PROBLEM TO SOLVE
Without the pictures, set down everything in the listing exactly.

DATASET CONTENT
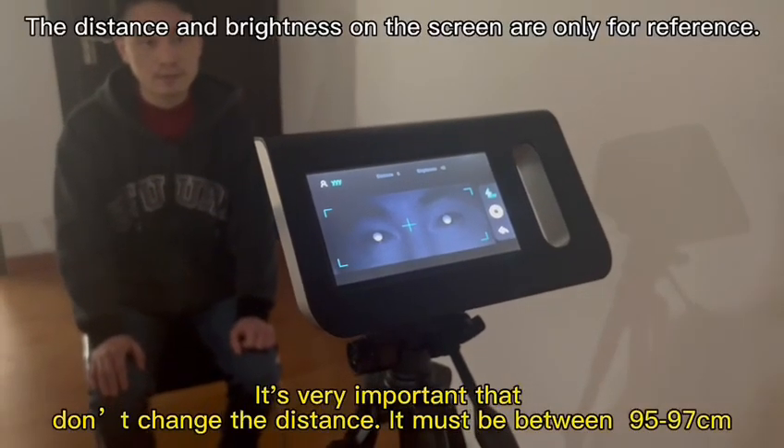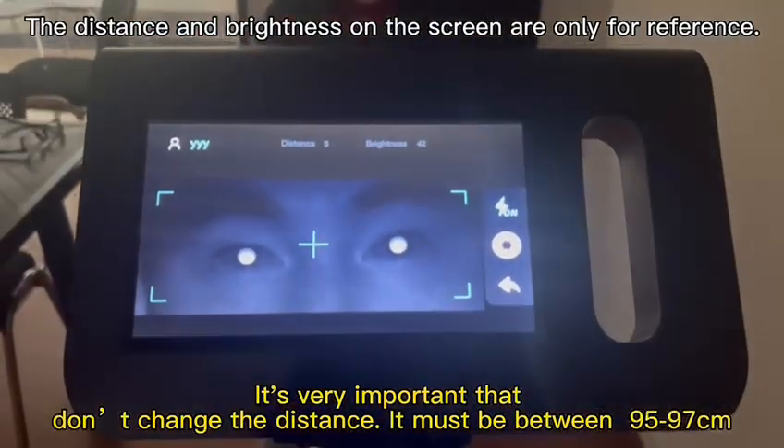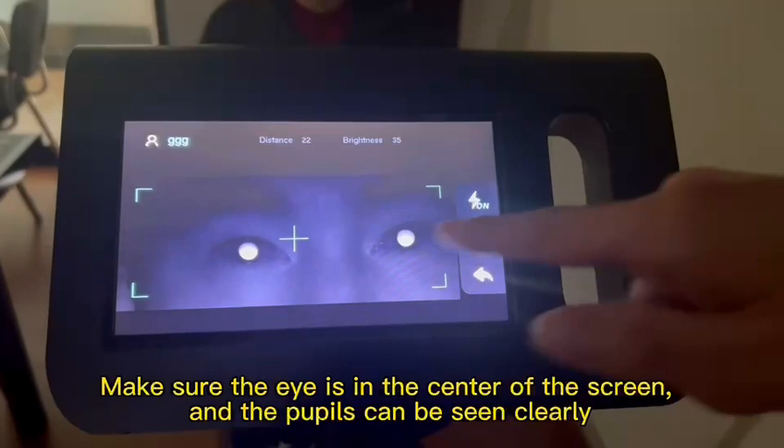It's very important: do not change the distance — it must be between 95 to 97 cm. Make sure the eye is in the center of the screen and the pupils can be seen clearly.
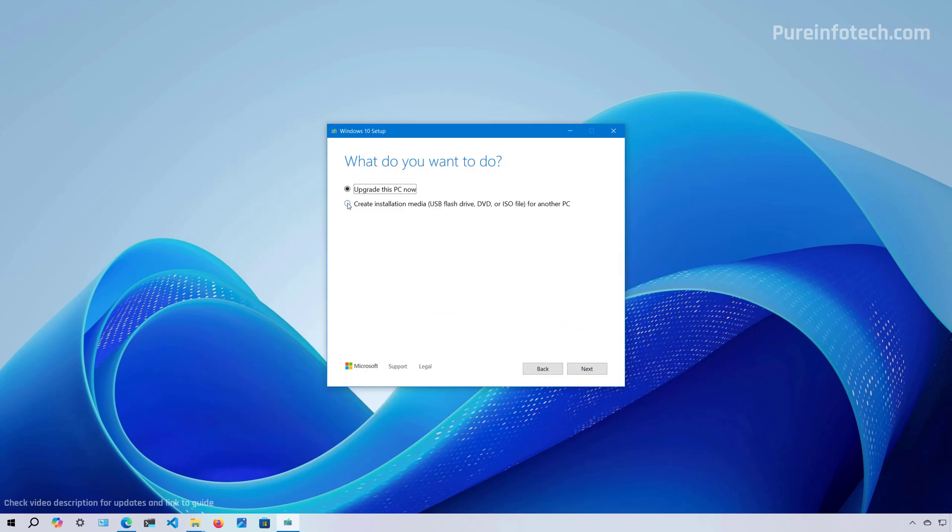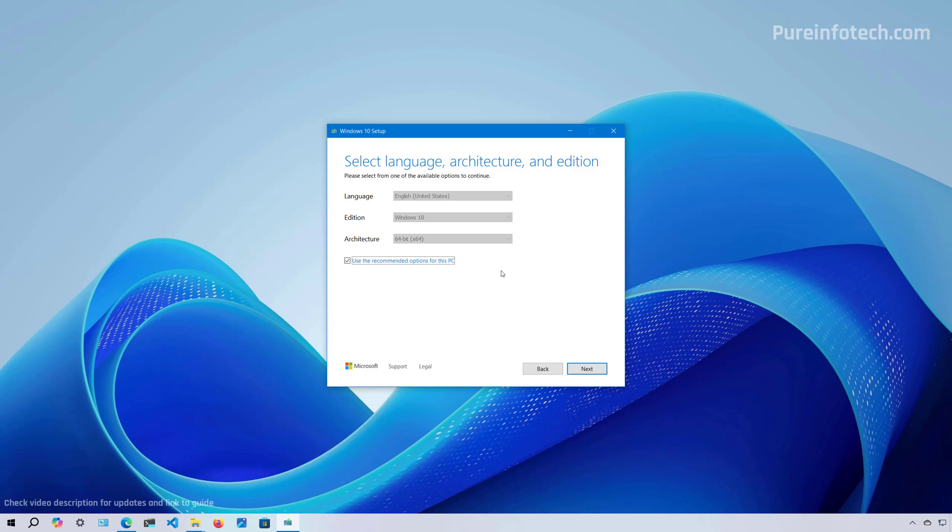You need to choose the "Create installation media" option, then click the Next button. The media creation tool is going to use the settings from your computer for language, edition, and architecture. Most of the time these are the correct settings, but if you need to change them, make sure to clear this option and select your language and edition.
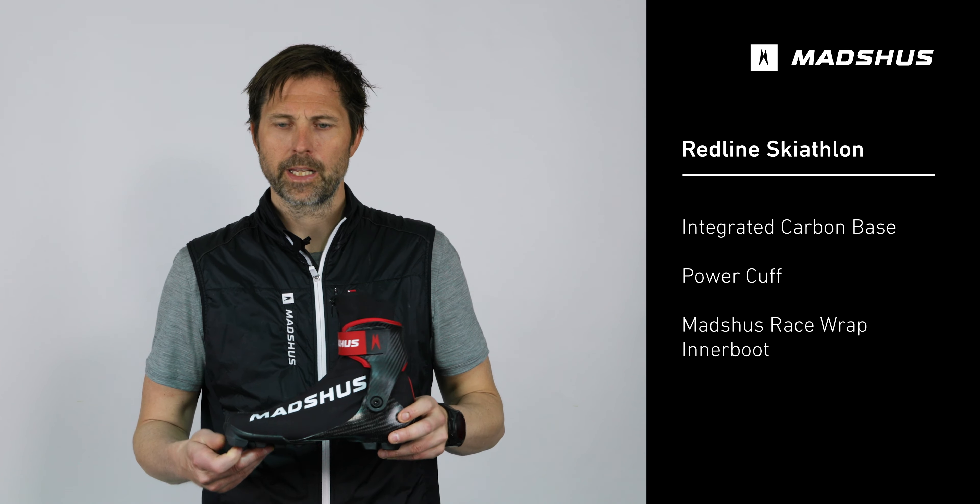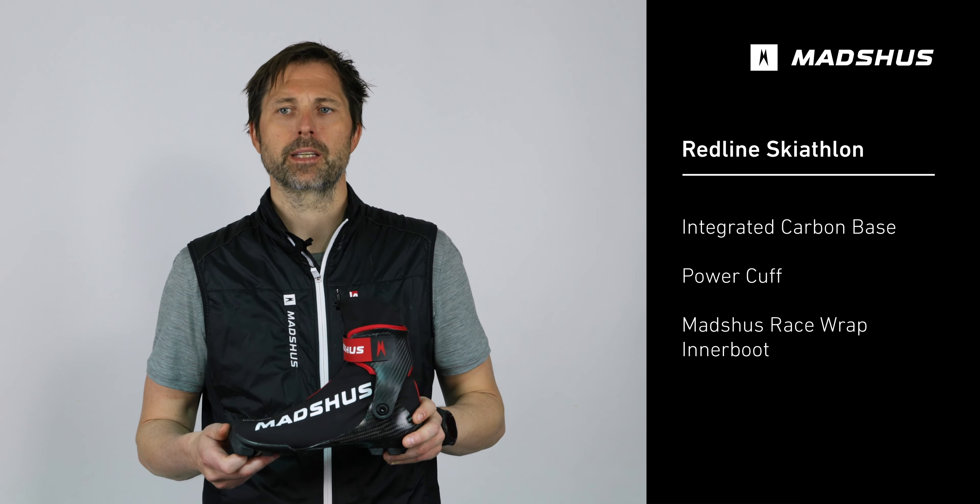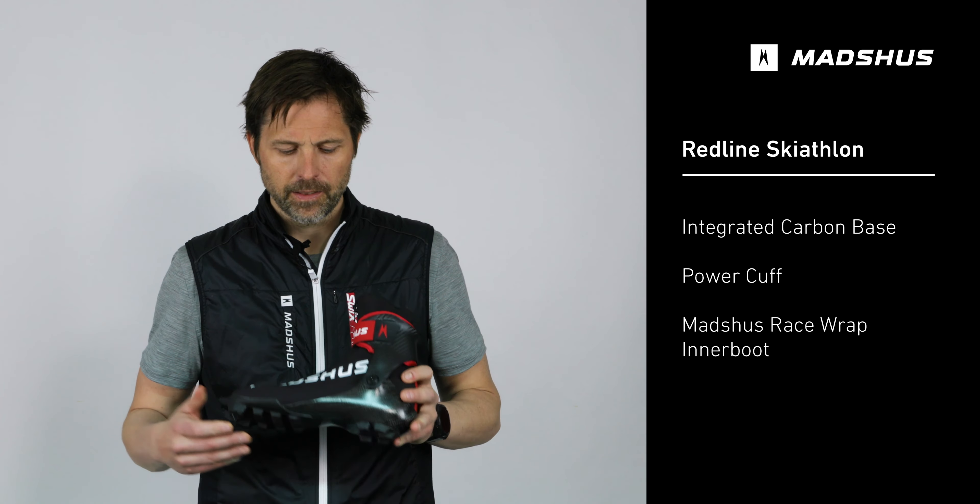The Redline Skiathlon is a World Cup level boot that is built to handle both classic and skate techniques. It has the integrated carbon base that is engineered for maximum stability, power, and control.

RESULT
It's very important: do not change the distance — it must be between 95 to 97 cm. Make sure the eye is in the center of the screen and the pupils can be seen clearly.
You need to choose the "Create installation media" option, then click the Next button. The media creation tool is going to use the settings from your computer for language, edition, and architecture. Most of the time these are the correct settings, but if you need to change them, make sure to clear this option and select your language and edition.
The Redline Skiathlon is a World Cup level boot that is built to handle both classic and skate techniques. It has the integrated carbon base that is engineered for maximum stability, power, and control.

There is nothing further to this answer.